Je ne sais plus combien de temps après sa parution j'avais lu Les héritiers, de Bourdieu et Passeron, un livre qui a marqué son époque en montrant que l'accès aux études universitaires des enfants issus des catégories socio-professionnelles populaires n'était pas limité seulement par la faiblesse des revenus de leurs parents (à laquelle des bourses auraient pu remédier), mais par quelque chose de plus. Ce phénomène de reproduction des classes sociales était appréhendé au moyen de données statistiques.
Stéphane Beaud, qui s'intéresse au même phénomène, met en oeuvre la démarche toute différente de l'enquête ethnographique. Il nous expose les difficultés à obtenir des diplômes universitaires de jeunes d'un quartier HLM à forte composante immigrée de la région de Montbéliard (berceau historique des usines Peugeot) entre 1990 et 2000, au moment où la poursuite d'études générales, au lycée, puis d'études universitaires est encouragée. Cette « offre » scolaire coïncide avec une dévalorisation de la condition ouvrière aux yeux à la fois des jeunes et de leurs parents (remarque personnelle : ce n'était pas encore le cas dans les années cinquante et soixante ; une fierté ouvrière, comme d'ailleurs une fierté paysanne plus ancienne, faisaient que ce que l'on appelle aujourd'hui « l'échec » scolaire n'était pas encore une malédiction).
Stéphane Beaud note que le taux de bacheliers au sein d'une génération a plus que doublé entre 1985 et 1995, passant de 30 à 63%, mais que le filtre scolaire a opéré de manière décalée, à un stade supérieur de la scolarité : au lycée, puis au niveau des études supérieures. Le fossé s'est creusé pendant cette période entre lycées de centre-ville et de périphérie, lycées « bourgeois » et lycées « populaires ». Le phénomène a trouvé son prolongement dans l'enseignement supérieur avec les filières « sélectives » (classes préparatoires, IUT, BTS) et les filières « ouvertes » où se retrouvent les bacheliers justement les moins préparés à faire face aux exigences propres aux études universitaires.

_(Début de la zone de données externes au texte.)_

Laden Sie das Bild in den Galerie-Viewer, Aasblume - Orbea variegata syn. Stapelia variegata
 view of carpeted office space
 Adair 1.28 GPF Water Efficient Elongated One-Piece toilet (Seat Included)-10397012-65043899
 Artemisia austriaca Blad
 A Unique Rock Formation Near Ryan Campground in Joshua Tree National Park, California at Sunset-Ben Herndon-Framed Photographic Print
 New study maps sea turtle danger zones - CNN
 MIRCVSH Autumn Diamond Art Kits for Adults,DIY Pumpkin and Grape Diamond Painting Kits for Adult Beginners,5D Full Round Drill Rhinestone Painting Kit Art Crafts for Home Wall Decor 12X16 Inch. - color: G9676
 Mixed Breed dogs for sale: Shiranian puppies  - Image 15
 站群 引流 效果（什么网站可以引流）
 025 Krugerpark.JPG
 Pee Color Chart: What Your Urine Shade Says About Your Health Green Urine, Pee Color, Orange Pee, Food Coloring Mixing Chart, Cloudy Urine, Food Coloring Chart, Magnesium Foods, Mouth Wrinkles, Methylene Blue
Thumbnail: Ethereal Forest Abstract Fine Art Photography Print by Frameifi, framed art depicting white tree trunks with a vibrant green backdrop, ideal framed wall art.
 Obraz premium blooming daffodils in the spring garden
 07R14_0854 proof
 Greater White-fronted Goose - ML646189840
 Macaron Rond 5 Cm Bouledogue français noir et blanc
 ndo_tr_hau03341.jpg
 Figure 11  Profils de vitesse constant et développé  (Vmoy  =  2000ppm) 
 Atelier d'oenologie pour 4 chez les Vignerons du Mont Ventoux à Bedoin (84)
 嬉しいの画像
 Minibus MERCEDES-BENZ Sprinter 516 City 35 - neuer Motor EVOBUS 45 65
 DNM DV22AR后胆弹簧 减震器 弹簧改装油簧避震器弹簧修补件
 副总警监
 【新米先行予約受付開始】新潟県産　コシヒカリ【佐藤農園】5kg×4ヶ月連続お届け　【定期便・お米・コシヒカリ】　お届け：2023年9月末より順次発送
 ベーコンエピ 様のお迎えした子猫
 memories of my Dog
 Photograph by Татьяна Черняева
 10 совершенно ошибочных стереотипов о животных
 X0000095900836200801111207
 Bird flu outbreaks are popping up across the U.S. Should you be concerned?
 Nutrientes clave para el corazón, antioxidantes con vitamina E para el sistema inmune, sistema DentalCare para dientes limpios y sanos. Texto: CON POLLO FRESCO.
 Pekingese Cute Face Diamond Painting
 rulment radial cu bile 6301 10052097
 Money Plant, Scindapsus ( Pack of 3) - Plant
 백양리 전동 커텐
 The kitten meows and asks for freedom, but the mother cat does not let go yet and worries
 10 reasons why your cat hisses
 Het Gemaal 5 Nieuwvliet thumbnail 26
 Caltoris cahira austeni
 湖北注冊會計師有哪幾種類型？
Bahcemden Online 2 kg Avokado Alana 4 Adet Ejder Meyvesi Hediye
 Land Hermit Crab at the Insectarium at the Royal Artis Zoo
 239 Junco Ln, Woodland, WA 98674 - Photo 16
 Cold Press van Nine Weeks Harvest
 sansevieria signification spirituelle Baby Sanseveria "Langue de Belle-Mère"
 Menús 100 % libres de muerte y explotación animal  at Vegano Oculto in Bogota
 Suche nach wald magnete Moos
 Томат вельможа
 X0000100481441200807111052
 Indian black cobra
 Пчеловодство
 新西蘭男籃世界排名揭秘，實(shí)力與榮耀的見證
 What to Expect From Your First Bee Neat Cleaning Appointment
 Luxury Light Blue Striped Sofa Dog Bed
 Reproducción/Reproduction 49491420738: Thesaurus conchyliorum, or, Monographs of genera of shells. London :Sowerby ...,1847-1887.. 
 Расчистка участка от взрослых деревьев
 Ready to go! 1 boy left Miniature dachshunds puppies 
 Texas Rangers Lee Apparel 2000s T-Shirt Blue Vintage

Selon Stéphane Beaud, ce qui handicape beaucoup de « jeunes de cité » à l'université ou sur le marché du travail, ce ne sont pas uniquement les préventions ou le « stigmate » dont ils sont victimes, c'est aussi l'impossibilité que beaucoup d'entre eux éprouvent d'affronter des situations sociales hors de leur contexte habituel, hors de la protection qu'offre l'interconnaissance de la « cité ». C'est une explication on ne peut plus intéressante au moment où l'on découvre à la surprise générale que l'expérience des C.V. anonymisés produit l'effet inverse de celui qui était escompté : lorsque leur C.V. est anonymisé, les « jeunes de cité » sont moins souvent retenus que lorsque leur origine est connue, comme si, dans ce dernier cas, les occurrences de discrimination positive excédaient celles des discriminations négatives (dont on imagine difficilement qu'elles n'existeraient pas du tout). [L'adresse suivante est l'une de celles où l'on peut consulter/télécharger le rapport :
http://www.wk-rh.fr/actualites/upload/synthese-et-rapport-CV-anonyme.pdf ].
Après avoir formulé son diagnostic, Stéphane Beaud suggère ce qui pourrait venir en aide aux jeunes en question : « … Aujourd'hui, ce dont ont besoin les enfants de classes populaires qui entrent en première année de DEUG, ce sont avant tout de meilleures conditions d'apprentissage au travail universitaire, à savoir un encadrement continu et suivi de la part des enseignants, des bibliothèques dignes de ce nom, des locaux pour travailler, des lieux de sociabilité universitaire pour faciliter la création de groupes de pairs et lutter contre l'anomie du DEUG, une incitation à découvrir les arts et la culture (le théâtre, la lecture) … ».
Parce qu'elle reste succinte, cette note de lecture est loin de rendre compte de la forte impression que j'ai ressentie à la lecture de ce livre. La démarche d'observation participante qui est celle de Stéphane Beaud m'a donné le sentiment de toucher du doigt le lien entre les réalités statistiques et le vécu des individus dont elles sont l'agrégation. En particulier, pour moi qui, dès l'enfance, ai vu valoriser le non-conformisme, il était émotionnellement fort de voir comment le groupe, ici le quartier, exerce sa pression sur les individus, veillant à ce qu'ils ne se conduisent pas comme des « intellos », ou des « moralistes », voire comme des « Blancs », et comment des individus différents gèrent à leur manière cette pression.